In March 1991, the Fund expressed its approval of the Fujimori government’s policies and declared they “could serve as the basis for a two-year Fund-monitored rights accumulation program for Peru, provided that the necessary financing assurances would be available.”46 The reference to “financing assurances” meant that the support group would have to make its commitments first, and then the Fund would formally approve the onset of rights accumulation. That step was completed in September, and Peru became the second country (after Zambia; see below) to embark on a RAP.

Peru offers a clear picture of the way in which the RAP served to mobilize both policy reforms and international donor support and culminate in an effective rescheduling of outstanding obligations. When the Executive Board approved the arrangement, Peru had outstanding arrears totaling about $840 million (SDR 623 million). The two-year arrangement called for the Fund to make a conditional commitment to lend up to that amount to Peru. The actual disbursement would be made through a successor Extended Fund Facility arrangement commencing after the successful completion of the two-year program, but it would be heavily front-loaded so the initial disbursement would be roughly equivalent to the outstanding arrears. Meanwhile, the support group and possibly other donors would help finance the program throughout the period the RAP was in effect, and Peru would be expected to avoid any further accumulation of arrears.

In Peru’s case, the plan worked as expected, despite setbacks in donor support owing to concerns about political stability and the government’s worsening record on human rights.47 Peru completed the RAP in March 1993, by which time it had accumulated the full amount of the Fund’s commitment. At that time, Japan and the United States advanced bridge loans so Peru could settle its arrears. Immediately afterward, the Executive Board approved a three-year Extended Fund Facility arrangement totaling $1.4 billion (SDR 1,018.1 million, or 218 percent of Peru’s quota). Almost $890 million (SDR 642.7 million) was disbursed right away, so Peru’s outstanding indebtedness was nearly constant (see Figure 16.5) but was made current with a new seven- to ten-year repayment schedule. The combination of strong economic policies and new official and commercial financing enabled Peru to forgo any further drawing on the Fund arrangement through 1996.48

Figure 16.6.
Figure 16.6.

Cambodia: Use of Fund Credit, 1972–99

(In millions of SDRs, monthly data)

Source: International Financial Statistics; see Figure 16.2 for further explanation.Note: CFF = Compensatory Financing Facility; ESAF = Enhanced Structural Adjustment Facility; GRA = General Resources Account; STF = Systemic Transformation Facility.

Cambodia

At the start of the 1990s, Cambodia had been in arrears on its payments to the IMF far longer than any other member country—ever since the Khmer Rouge temporarily took control of the country in April 1975 (Figure 16.6). Throughout the horrors and upheavals of the next 15 years, including 10 years of Vietnamese occupation, Cambodia lacked an internationally recognized government, and the IMF lacked any channel for official communication with the member.

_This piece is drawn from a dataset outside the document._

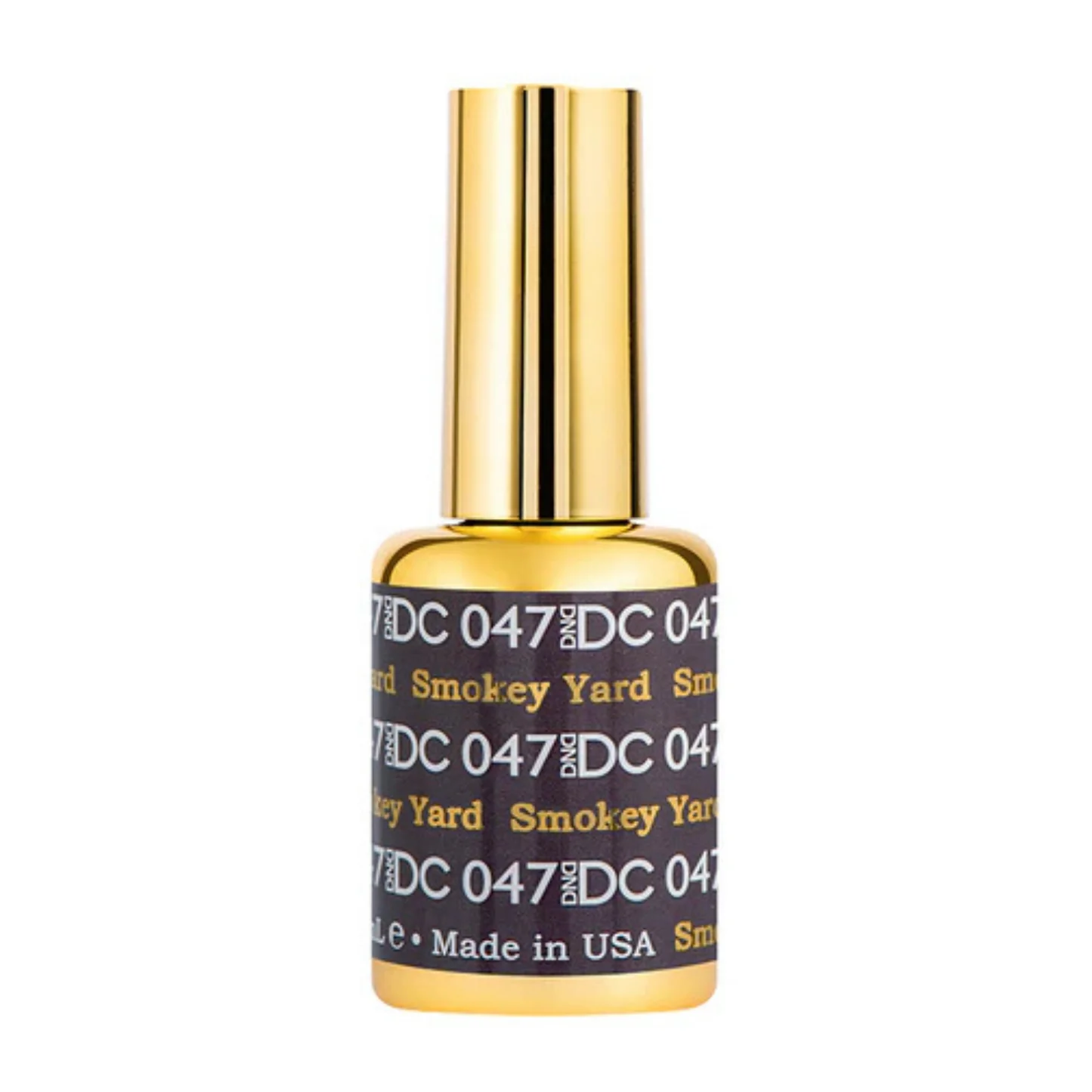 DC Gel Polish #047 | Smokey Yard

The withdrawal of Vietnamese forces in 1989 did not immediately open an acceptable line of communication, but it did create an opportunity for incremental progress. The government-in-exile, then based in Thailand, was led by Prince Norodom Sihanouk, the former king who had ruled Cambodia for nearly three decades from 1941 to 1970. At this time, Sihanouk was receiving some support from the United States and was widely seen as the best hope for a return to normalcy. In June 1991, Sihanouk wrote to Camdessus to request the “readmission” of Cambodia into the IMF “as soon as possible.” Camdessus welcomed the initiative, but he responded noncommittally: “We are watching events in your country with great interest, and welcome the significant progress being made towards peace. We look forward to the emergence of a representative, national government and the normalization of relations with the Fund.”49

The critical event enabling this normalization was the signing of a comprehensive peace treaty by all of the involved parties in Paris in October 1991, after which Sihanouk returned to Cambodia as head of state. Beginning in November, the United Nations (UN) and the Asian Development Bank organized a series of missions to Phnom Penh, in which Fund staff participated, to gather information about economic and political developments and offer technical assistance. Through this time, however, the Fund remained wary of dealing with a government that might not have the ability to control the economy.

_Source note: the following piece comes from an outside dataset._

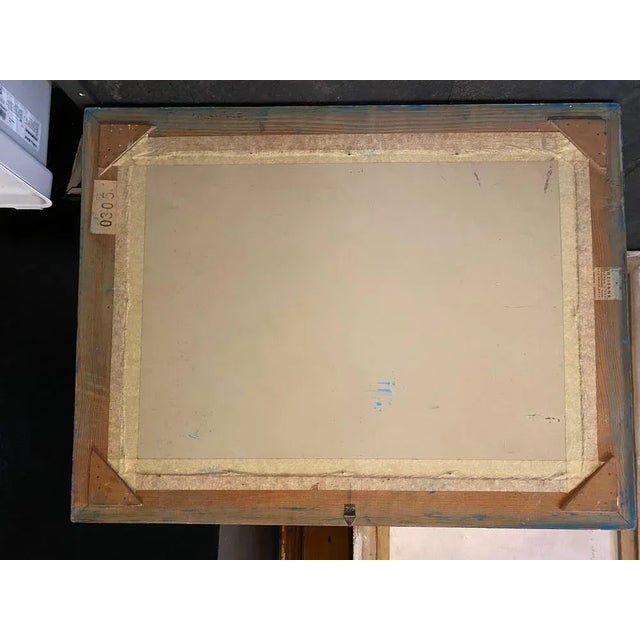 Roberto Gherardi, Venise, 1980s, Oil For Sale - Image 7 of 10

The political balance in Cambodia in 1992 was delicately poised. The nominal government in Cambodia was still led by Hun Sen, who had been placed in office during the Vietnamese occupation. This government was not accepted internationally as legitimate, and under the terms of the Paris peace treaty it was under the control of the UN. The Supreme National Council (SNC), led by Sihanouk but also including representatives of the Khmer Rouge, was recognized but had no administrative control over the country. The SNC had authorized the Hun Sen government to act on its behalf as its “executive arm.” It was with this fragile structure that the international community was trying to work. Only after the IMF received written assurances on the viability of the government’s structure from the SNC and the UN Transitional Authority in Cambodia did the Fund agree to reestablish formal communications and take steps toward normalization and the settlement of arrears. That development occurred in October 1992.50

After several fact-finding missions and the formal decision to normalize relations, a Fund team led by John R. Dodsworth (Division Chief, Central Asia Department) negotiated a reform and stabilization program to be monitored informally by the staff through 1993.51 That opened a pathway for the clearance of arrears. As the first step on that path, the IMF undertook a unique set of transactions made possible by the peculiar features of the long interlude in relations from 1975 to 1992. In the late 1970s, the Fund had restituted 25 million ounces of gold to its member countries and had sold another 25 million ounces at market prices to finance the original Trust Fund for lending to low-income countries on concessional terms. Because of the absence of a line of communication, the Fund had held Cambodia’s share of the proceeds on the member’s behalf, pending settlement of arrears. Now, in December 1992, the Fund and Cambodia agreed the Fund would restitute the gold to the country, simultaneously buy it back at the current market price, and apply the proceeds to the outstanding arrears.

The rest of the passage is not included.